District Court of Appeal of Florida, Second District.
Robert A. Butterworth, Attorney General, Tallahassee, and Anne E. Sheer, Assistant Attorney General, Tampa, for Appellant.
James Marion Moorman, Public Defender, and Douglas Chanco, Assistant Public Defender, Bartow, for Appellee.
QUINCE, Judge.
This case arises from Connie M. Strickler's arrest for driving without a license. After presentation of the State's case, Strickler raised the sufficiency of the information in a motion for judgment of acquittal. The trial court dismissed the information by granting the motion. Because double jeopardy precludes retrial, we are constrained to affirm.
The facts in this case are largely undisputed. The police stopped Strickler for a routine traffic violation. During the stop, the arresting officer discovered that Strickler's license had been suspended and that he was driving without a license. In the heading of the information, Connie M. Strickler was identified as a white male. However, the body of the information, while otherwise correct, incorrectly identified Strickler as a female.

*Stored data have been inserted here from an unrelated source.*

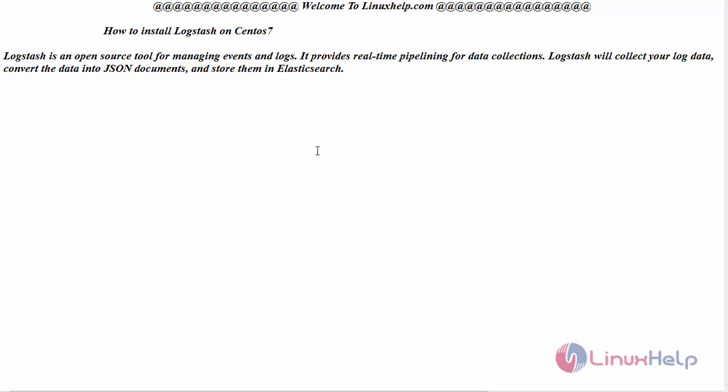Hello everyone, welcome to linuxhelp.com. Today we are going to see how to install Logstash on CentOS 7.4.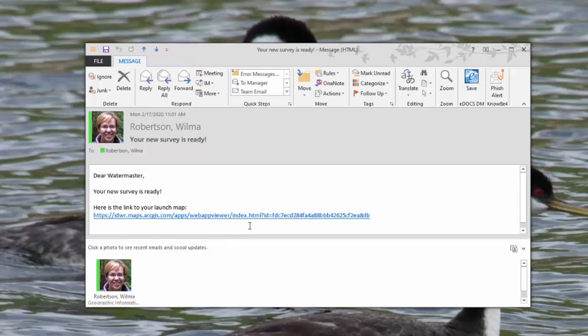To view this on your computer, simply click on the link on your computer. To view it on your mobile device, forward this email to an email that you can access from your mobile device and open it from there.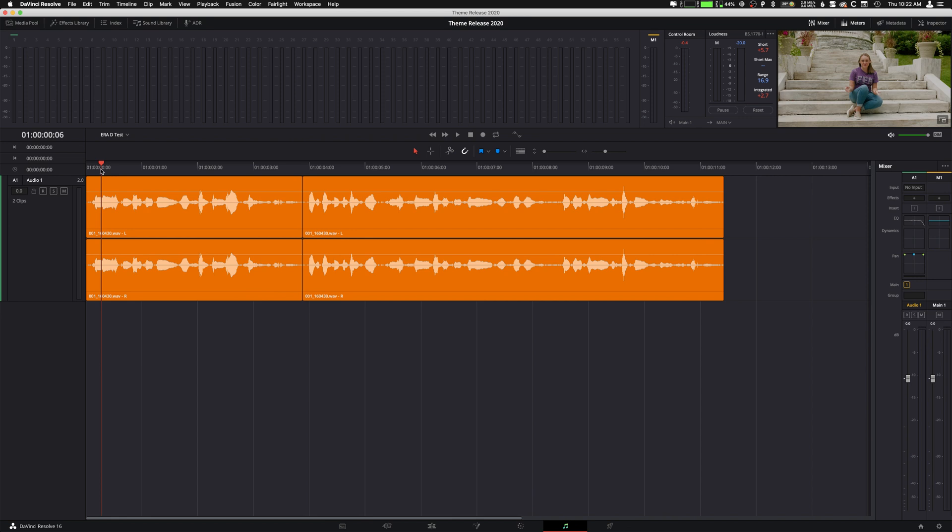Hey, what is up guys? My name is Cameron Gallagher from We Are Film and today I wanted to talk about using audio effects inside of Fairlight and in particular using VSTs that you're downloading or buying or wherever you're getting them.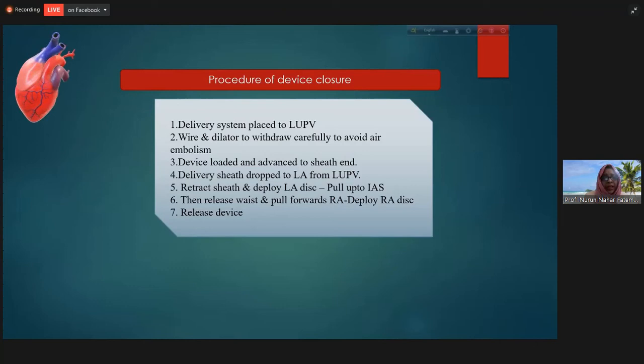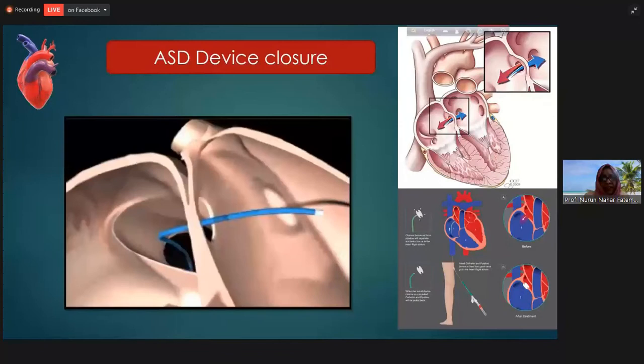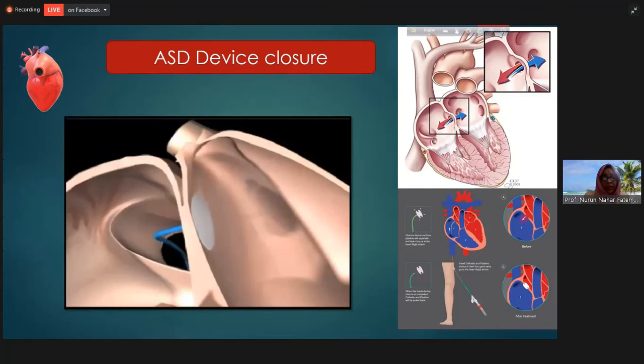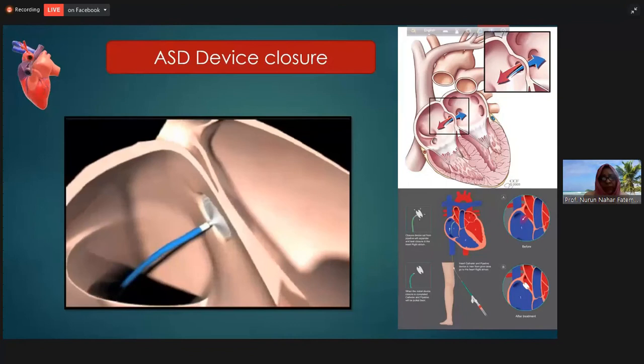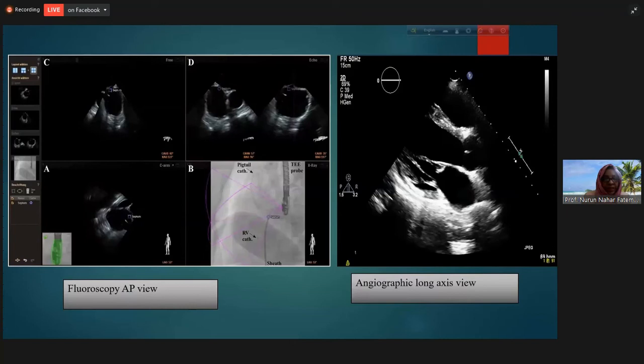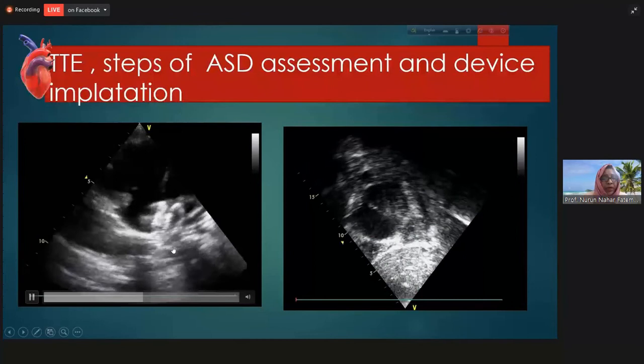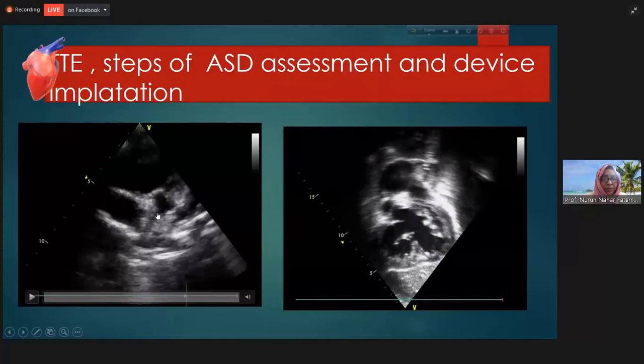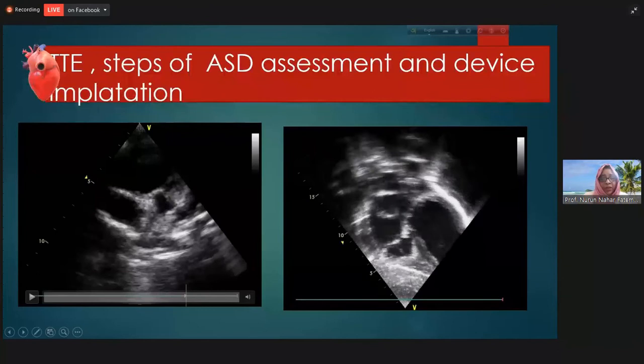In the procedure of device closure, at all steps we take the help of echocardiography — either transthoracic or transesophageal. For children we use transthoracic; for adults, sometimes transesophageal. In most of our cases, we are comfortable with transthoracic. The parasternal short axis view is very important in device closure: if you see the discs of the device on both sides of the aorta in short axis view, the device is in a good position and there will be no risk of embolization.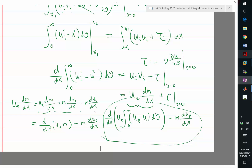Are we interchangeably using ue and ui? Yes — in the boundary layer, ui is equal to ue. That's right, the x component.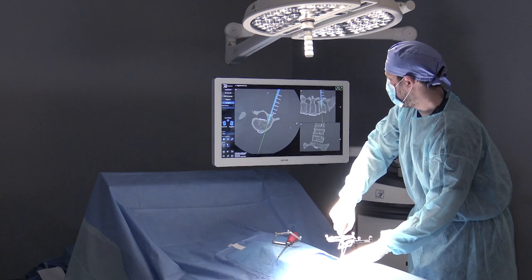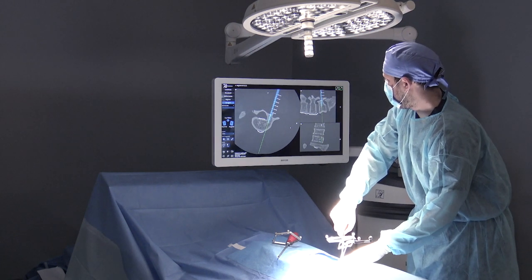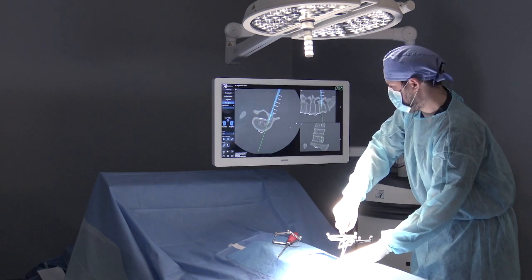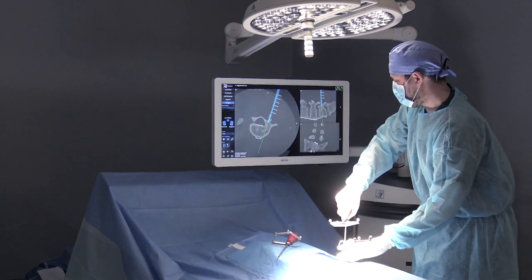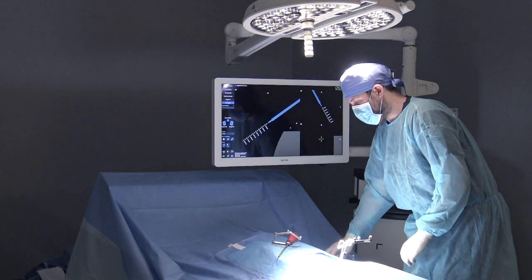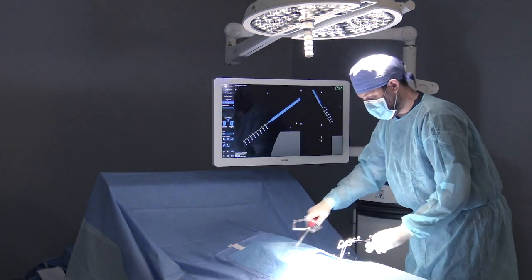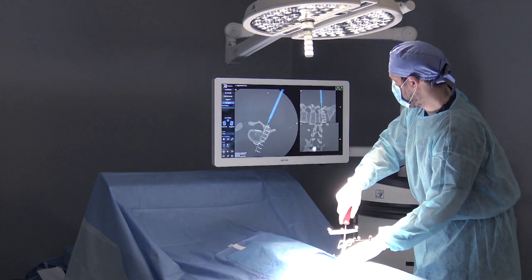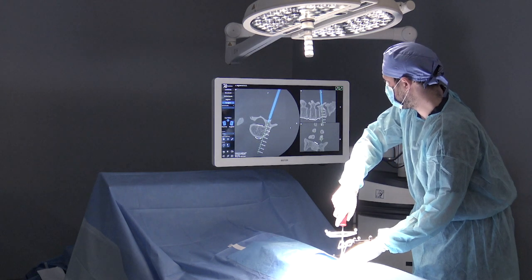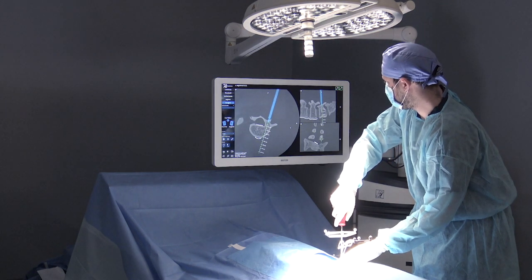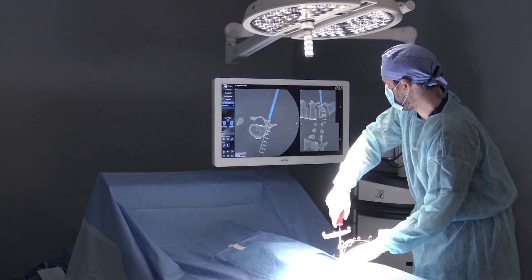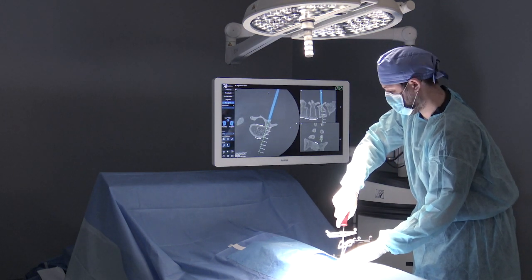This is the 7D Surgical System, the world's first machine vision image guidance platform for spinal surgery. Using technology similar to what is found in self-driving automobiles, the 7D system can easily register spinal anatomy in seconds without the need for intraoperative radiation.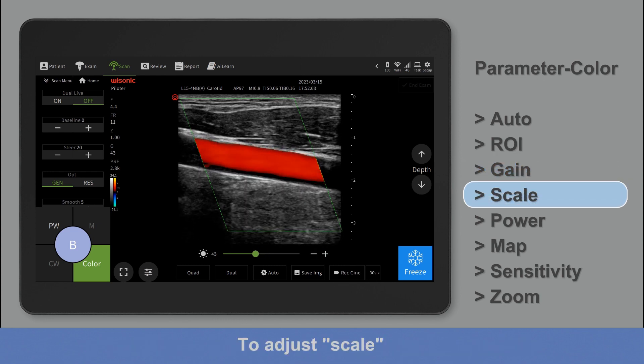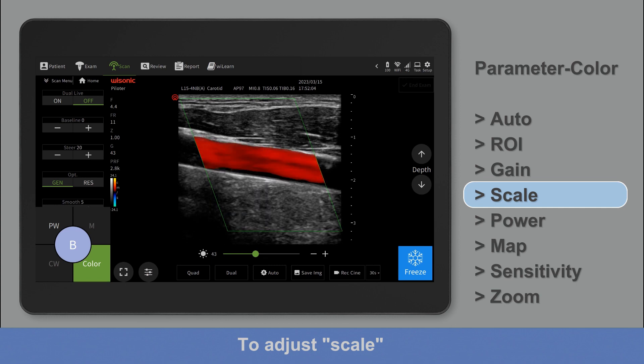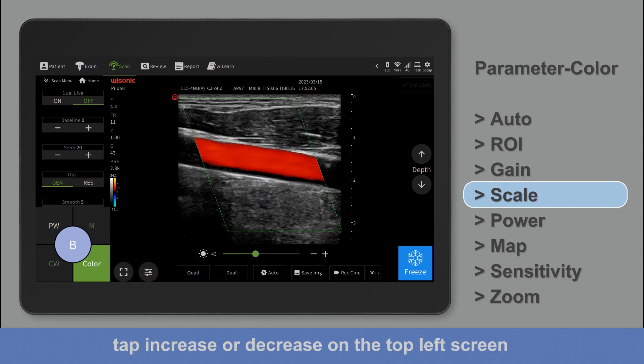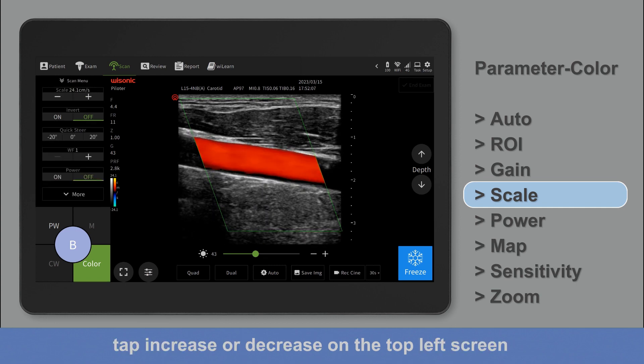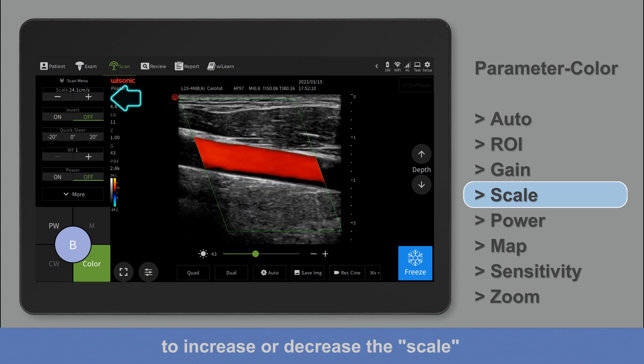To adjust scale, tap increase or decrease on the top left screen to increase or decrease the scale.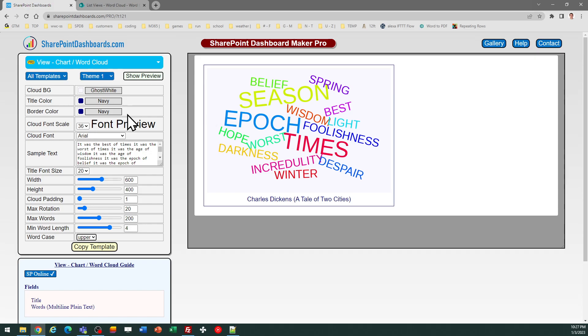In order to use this template, it's very straightforward. You need to create a list with just two fields: the title field, which is in every SharePoint list by default, and then you just need to create one additional field called 'words' (W-O-R-D-S).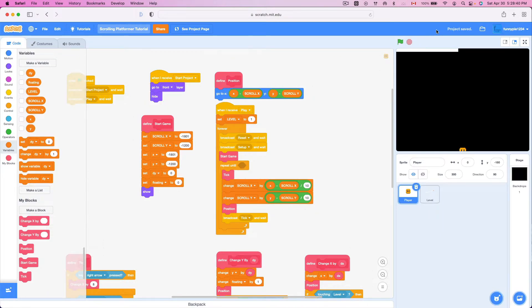I wanna add a bit of 'not living' to my game. As you can see, I can just walk on the lava and I'm totally fine — I wanna fix that today. Also, I can fall off the platform — that's not good. Let's add a bit of dying, or 'unliving', to our game.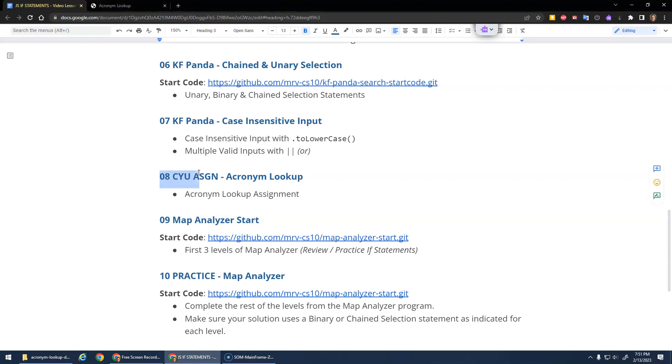Your turn for a check your understanding assignment. We're going to do a little acronym lookup. If you understood the Kung Fu Panda, this assignment should be quite straightforward.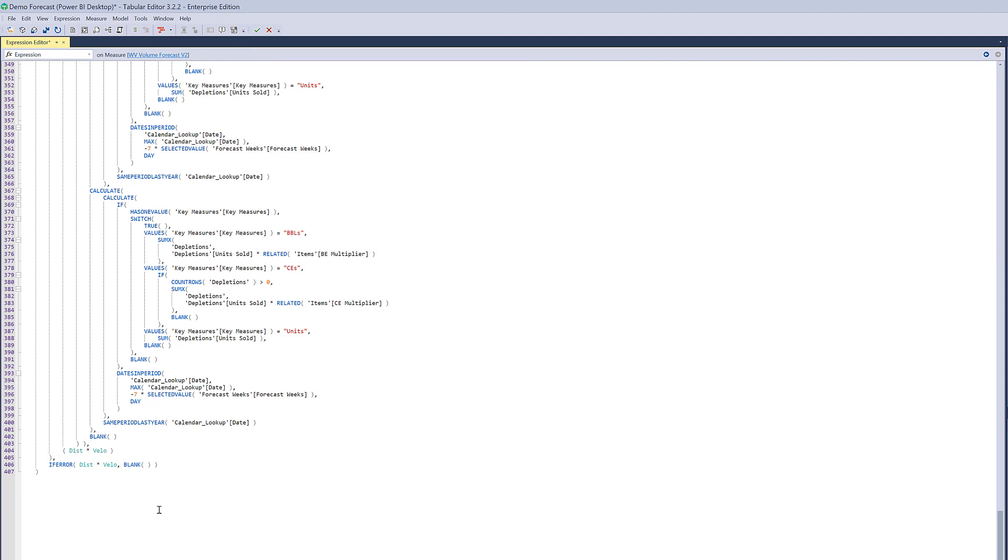Now with this particular client I was able to take this measure, analyze the exploded version of the measure, understand what it was doing and rewrite the formula so that there was a single iteration in a row context through the formula. And we're able to take it from orders of magnitude about a minute to refresh the visual down to something more like under a second, orders of magnitude.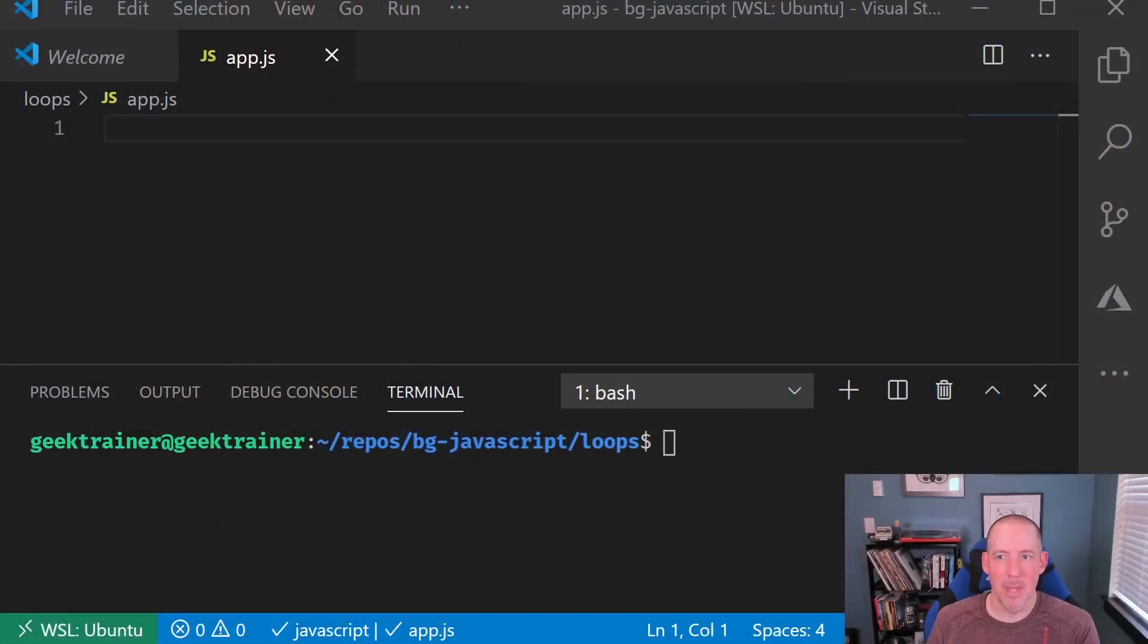Hi there. I'm Christopher Harrison, Senior Program Manager at Microsoft inside of Cloud and AI, and let's take a look at how we can code with different types of loops inside of JavaScript.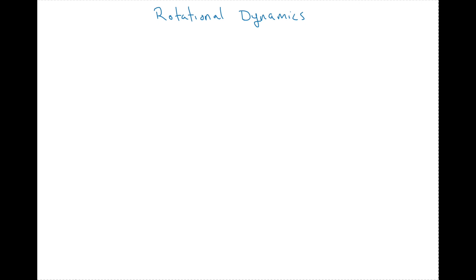What's up students? Today we're going to talk about rotational dynamics and pretty much how Newton's second law, F equals MA, is going to apply to objects that are traveling around in a circle or spinning.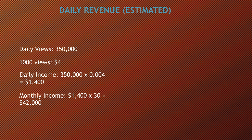Daily revenue, this is going to be an estimate. So daily views is currently 350,000. A thousand views gives you somewhere between $3 to $5, so let's just say $4. So daily income is 350,000 multiply by 0.004, and you get $1,400. Now monthly income is $1,400 multiply by 30, and you get $42,000.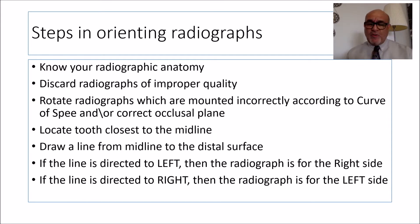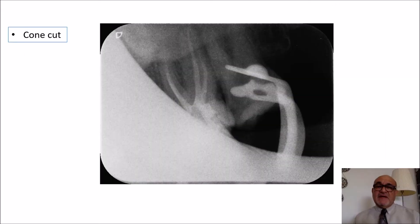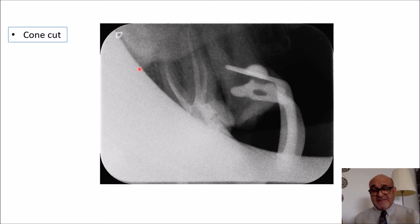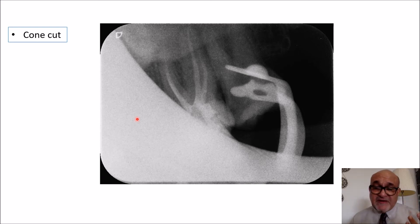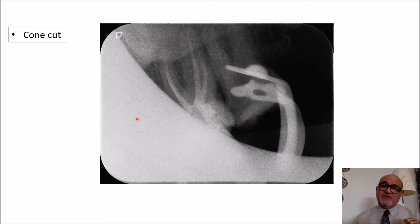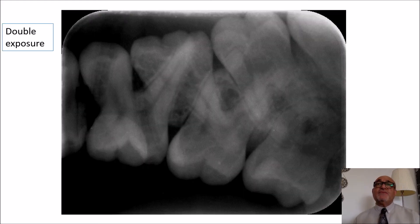A radiograph like this one with a severe cone cut — as you can see — has no diagnostic value. If you're looking for the apex of a premolar here, there is no point in orienting this radiograph. It is better to avoid this from the beginning. Always use a sensor holder and direct your beam properly to avoid ending up with a cone cut like this case.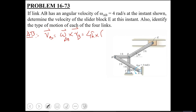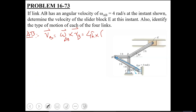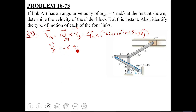Omega is given as 4K (counterclockwise), and RB is the absolute position of B with respect to A — shown by the blue arrow. This vector lies in the second quadrant, so it has a negative x-component and positive y-component: minus 2 cos 30 i plus 2 sin 30 j. Taking the cross product, VB comes out to be minus 4i minus 6.928j feet per second.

Following the State's presentation of its case, Strickler raised the insufficiency of the information for the first time as a motion for judgment of acquittal. The trial court, relying on Troyer v. State, 610 So. 2d 530 (Fla. 2d DCA 1992), held that the gender misidentification in the body of the information took precedence over the correct gender designation in the heading and invalidated the information.
Attacks on the sufficiency of an indictment are properly raised by a pre-trial motion to dismiss the indictment. See Fla. R.Crim. P 3.190(b). Failure to do so constitutes waiver of the argument. See Fla. R.Crim. P. 3.190(c). Although styled a motion for judgment of acquittal, Strickler's motion was in essence a motion to dismiss the information. As such, the motion was untimely and should not have been considered. See State v. James, 626 So. 2d 259 (Fla. 5th DCA 1993).
Regrettably, the trial court permitted Strickler to lodge his untimely challenge to the sufficiency of the information. Had this *1219 issue been properly raised prior to trial, double jeopardy considerations would not preclude a reversal distinguishing Troyer, which involved a discrepancy in the offense designated in the heading of the information and the offense described in the body of the information. In Troyer, the discrepancy resulted in the defendant's conviction for an uncharged crime. See Fla. R.Crim. P. 3.140(o). However, the granting of the motion after the close of the State's case raises an unavoidable double jeopardy problem. See Thompson v. Crawford, 479 So. 2d 169 (Fla. 3d DCA 1985) (jeopardy attaches upon the trial court's receipt of evidence in a nonjury case). Accordingly, further prosecution of this criminal violation is foreclosed. See State v. Kennon, 652 So. 2d 396 (Fla. 2d DCA 1995).
We, therefore, affirm the dismissal of this case.
PARKER, C.J., and ALTENBERND, J., concur.